Türkiye'de konkordato açıklayan şirketlerin özellikleri; yurt dışından ithal ettikleri hammaddeyle üretim yapmaları ya da sadece yurt dışından aldıkları ürünleri satmaları.
Başta Çin olmak üzere ucuz iş gücünün olduğu ülkelerde üretim yapan şirketler de var. Özellikle ayakkabı ve tekstil sektöründe birçok yerli firma, Türkiye'de fabrikalarına kilit vurup yurt dışından ithal ettikleri malları satmayı tercih etti. 'Dolar kuru düşükken bu şirketlere neden Türkiye'de üretim yapmıyorsunuz, neden Türk işçisine, yerli sermayeye para kazandırmıyorsunuz?' diye sorulduğunda hep global ekonomiden ve küresel dünyadan bahsettiler. Ticaret yapmak, riski göze almak demektir. Bu firmalar, riski göze aldılar, ithal malları satarak para kazandılar ama dolar yükselince de çoğu konkordato açıklamak zorunda kaldı.

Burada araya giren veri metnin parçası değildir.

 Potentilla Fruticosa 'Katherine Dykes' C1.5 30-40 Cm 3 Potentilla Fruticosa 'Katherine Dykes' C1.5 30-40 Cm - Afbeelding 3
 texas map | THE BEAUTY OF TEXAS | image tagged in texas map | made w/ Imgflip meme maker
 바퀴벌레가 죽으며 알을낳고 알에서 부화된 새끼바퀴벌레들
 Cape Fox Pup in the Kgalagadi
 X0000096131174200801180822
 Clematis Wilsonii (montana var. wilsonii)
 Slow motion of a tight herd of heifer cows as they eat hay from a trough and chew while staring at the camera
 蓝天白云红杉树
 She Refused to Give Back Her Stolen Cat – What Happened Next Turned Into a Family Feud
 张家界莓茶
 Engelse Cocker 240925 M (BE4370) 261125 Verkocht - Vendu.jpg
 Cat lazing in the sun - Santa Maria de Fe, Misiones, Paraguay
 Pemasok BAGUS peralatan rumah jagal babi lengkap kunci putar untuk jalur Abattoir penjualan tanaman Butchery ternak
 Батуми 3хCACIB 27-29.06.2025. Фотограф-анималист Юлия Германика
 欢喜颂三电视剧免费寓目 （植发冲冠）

O yüzden dolar yükselince faturayı sadece devlete çıkarmak adil ve doğru bir yaklaşım değil. Geçenlerde Türkiye'nin önde gelen moda markalarından Koton'un satış rakamlarındaki yükseliş haber oldu. Koton Yönetim Kurulu Başkanı Yılmaz Yılmaz, "Bu dönemde Anadolu'da üretiyor olmak avantajımız oldu.
Yerli üretim ve uygun fiyatlandırma ile satış rakamlarının düştüğü ortamda yüzde 30 artış yakaladık" dedi. Demek ki doların yükselişi Koton'u etkilememiş.
Perakende sektöründe piyasa daralırken, Koton satışlarını artırmış. Neden? Koton, ürünlerinin yüzde 85'ini Türkiye'de üretiyor da ondan. Koton'un 516 mağazasından 213'ünün yurt dışında olması da önemli. Türkiye'de üretip aracısız yurt dışındaki mağazalarda satarsan, gerçek global şirket olursun! Çin'den ucuza mal alıp Türkiye'de pahalıya satmakla global şirket olunmuyor!
Bir diğer ayrıntı, Türkiye'de 527 tedarikçisi olan Koton'un, Türkiye'den yılda 1.8 milyar lira satın alma yapıyor olması. Yılmaz, yüzde 40'ının işçilik ve yaratılan katma değer olduğunu, bunun da 720 milyon liraya denk geldiğini ve bu rakamın da 250 bin kişinin bir aylık maaşına tekabül ettiğini söylüyor. İşte yerli ve milli üretimin avantajı ve faydaları bu rakamlarda gizli. Sadece Koton değil; yerli üretim yapan birçok firma, doların yükselişinden etkilenmedi. Her şeyde bir hayır vardır. Her inişin bir çıkışı vardır!
Doların yükselmesi yerli üretimin ne kadar önemli olduğunu gösterdi.